Wichtig sei es, dass man nur die besten Lehrlingsausbildnerinnen und –ausbildner einsetzt. „Sie müssen nicht nur fachlich gut sein. Sie müssen in erster Linie mit Jugendlichen können“, ist Stadler überzeugt. „Nicht immer sind die Lehrlinge schuld, wenn die Ausbildung abgebrochen wird. Hier entsteht auch in den Medien leider immer wieder ein falsches Bild.“

Initiativen wie das Lehrlings-Crossmentoring seien aber genau der richtige Weg, um dieses Bild wieder geradezurücken. „Jedes Projekt, das zur Förderung unserer Lehrlinge im Land gestartet wird, ist ein gutes Projekt. Sie sind unsere Zukunft. Und wir brauchen auch künftig gute Handwerkerinnen und Handwerker“, so Stadler. Selbst erwartet sie sich vom Projekt vor allem einen Austausch mit jungen Menschen aus anderen Branchen und Bereichen. „Es tut gut, über den Tellerrand zu schauen und andere Arbeitsabläufe kennenzulernen. So lern auch ich wahnsinnig viel.“

Wordrap:

Vom LehrlingsCrossmentoring erwarte ich mir, … mit Freude, neue Menschen kennenzulernen, und Jugendliche auf ihrem Weg begleiten zu können.

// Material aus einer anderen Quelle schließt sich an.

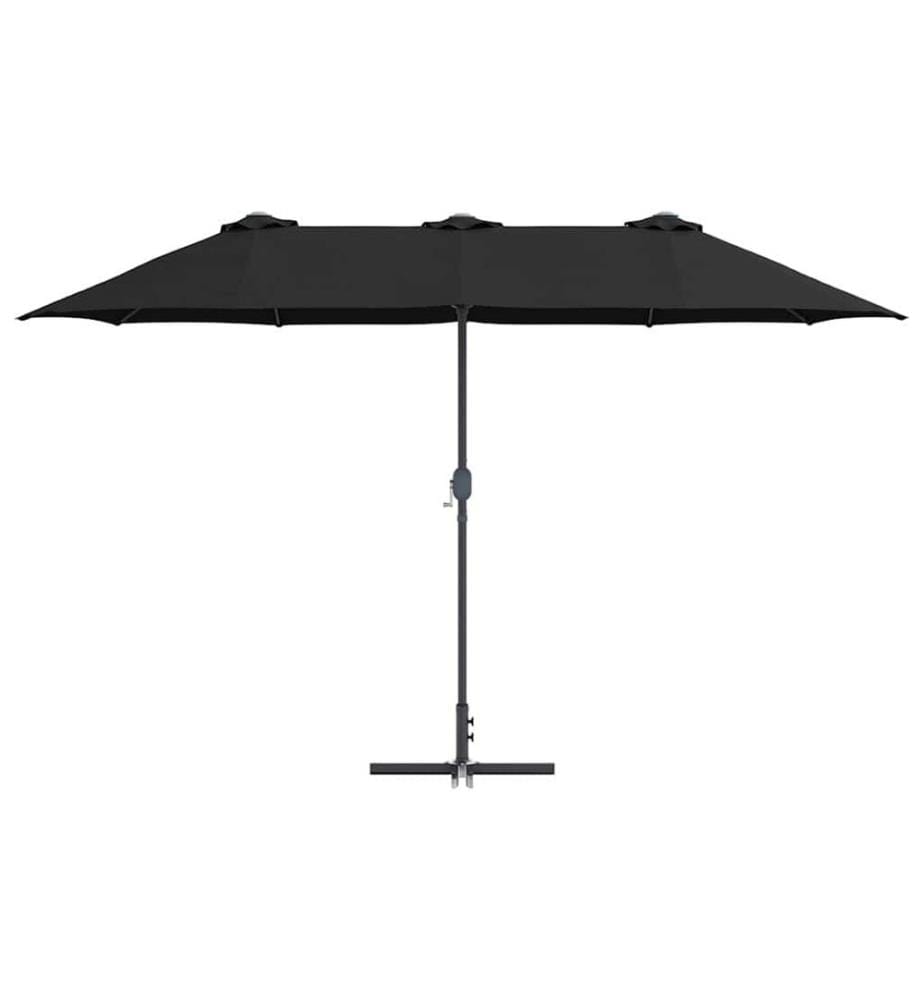 Garten-Sonnenschirm Schwarz 370 x 197 x 239 cm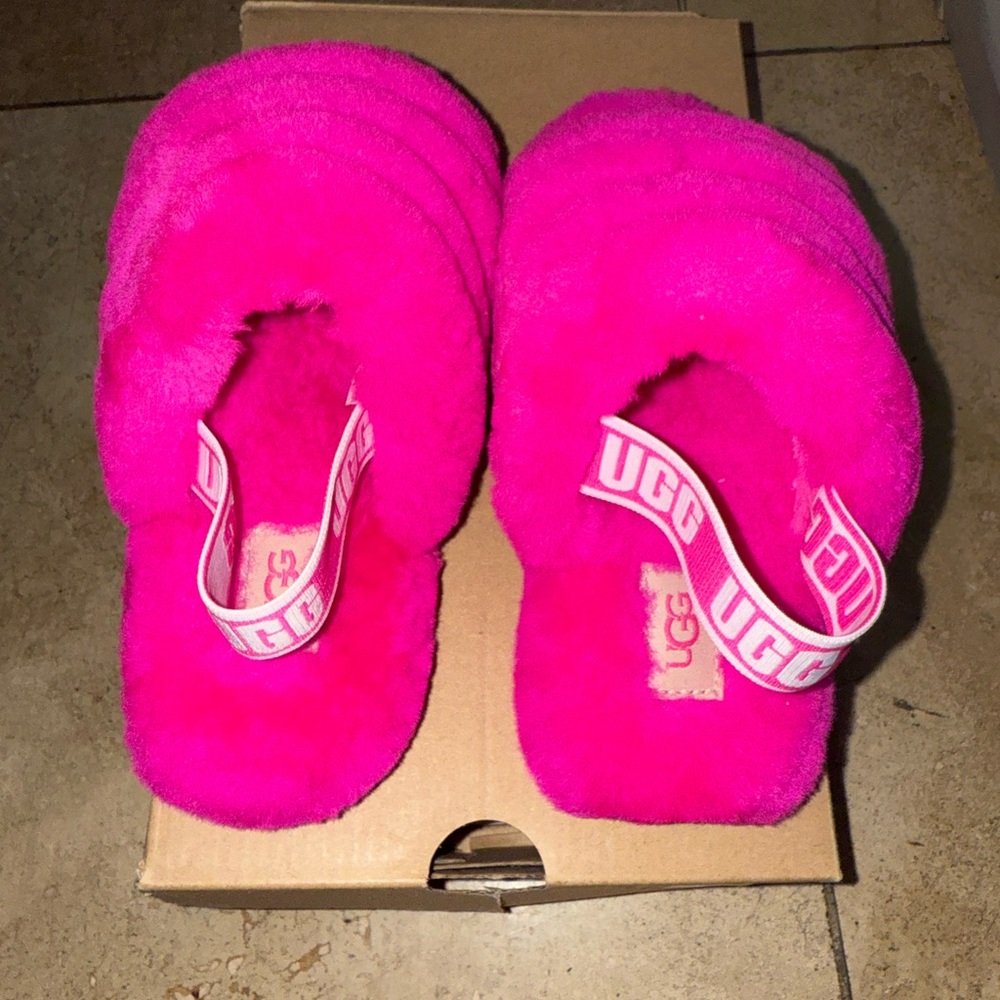 UGG Neon Pink Fluffy Slides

Meine Mitarbeiter will ich für meinen Weg gewinnen, indem ich … offen bin und klar kommuniziere.
Die Motivation fördere ich, … durch die Entwicklung eines Gemeinschaftsgefühls. Nur gemeinsam sind wir stark.

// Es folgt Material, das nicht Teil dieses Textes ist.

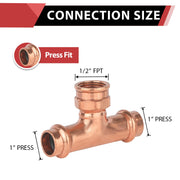 1" x 1" x 1/2" Press x Press x Female Thread Copper Tee (Lead Free)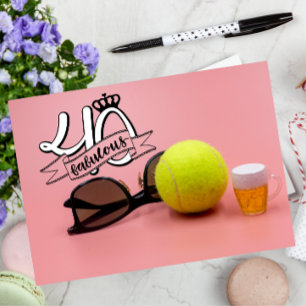 Tennis 40th Birthday with ball and beer on Pink Card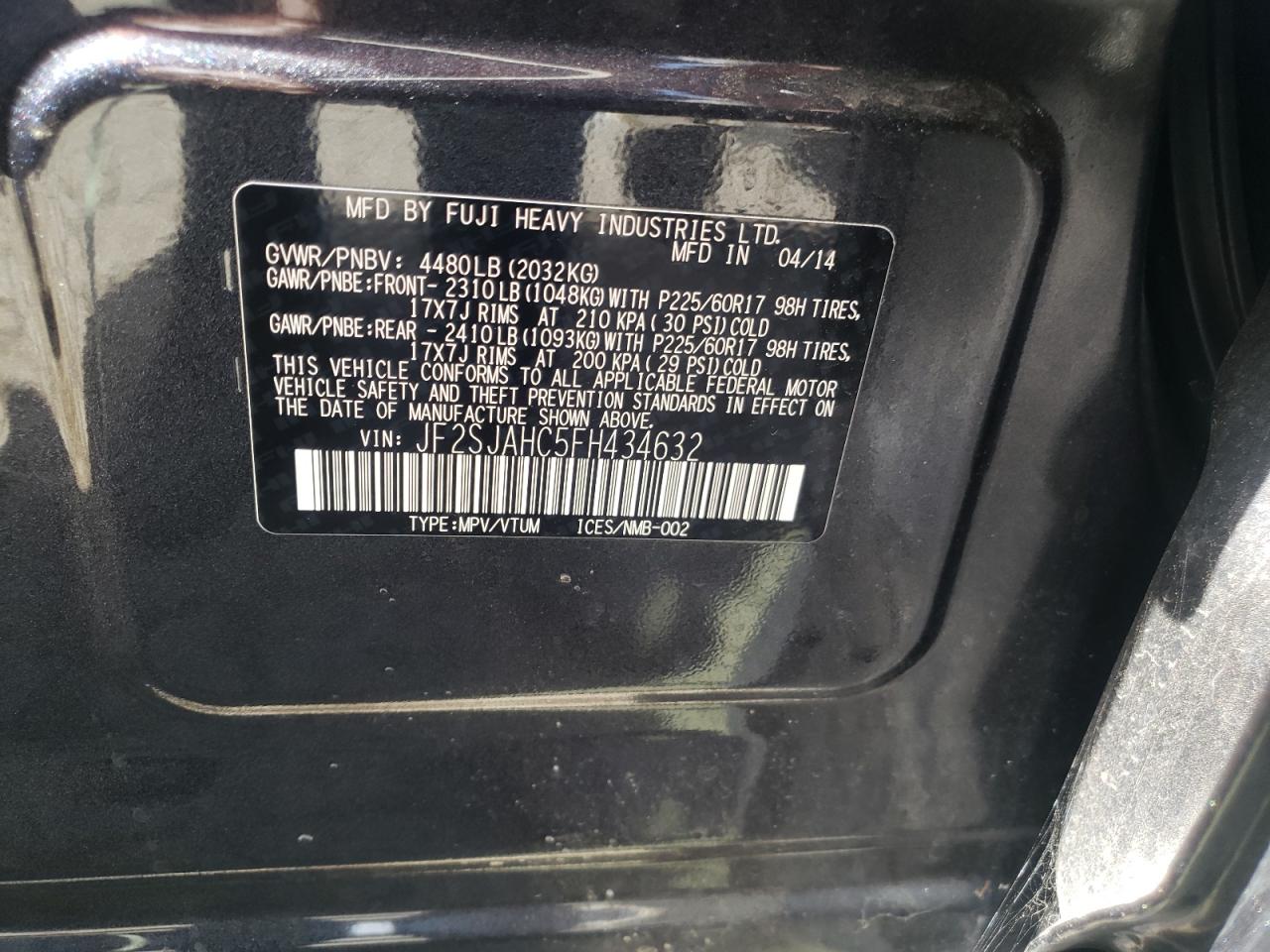 Photo 10 from auction – 2015 SUBARU FORESTER 2 with VIN JF2SJAHC5FH434632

Als Führungskraft muss ich … auch Vorbild sein.
Der ideale Mitarbeiter ist für mich … offen.
Die Mitarbeiter dürfen sich von mir erwarten, … dass sie jederzeit – auch mit Problemen – zu mir kommen können.
Meinen Lehrlingen wünsche ich … viel Erfolg bei der Ausbildung und Freude im Beruf.
Das ist meine größte Stärke … ich gehe offen auf Menschen zu.
Das ist meine größte Schwäche … ich kann nicht ruhig sitzen und nichts tun.
Davor habe ich Angst … in Pension gehen zu müssen.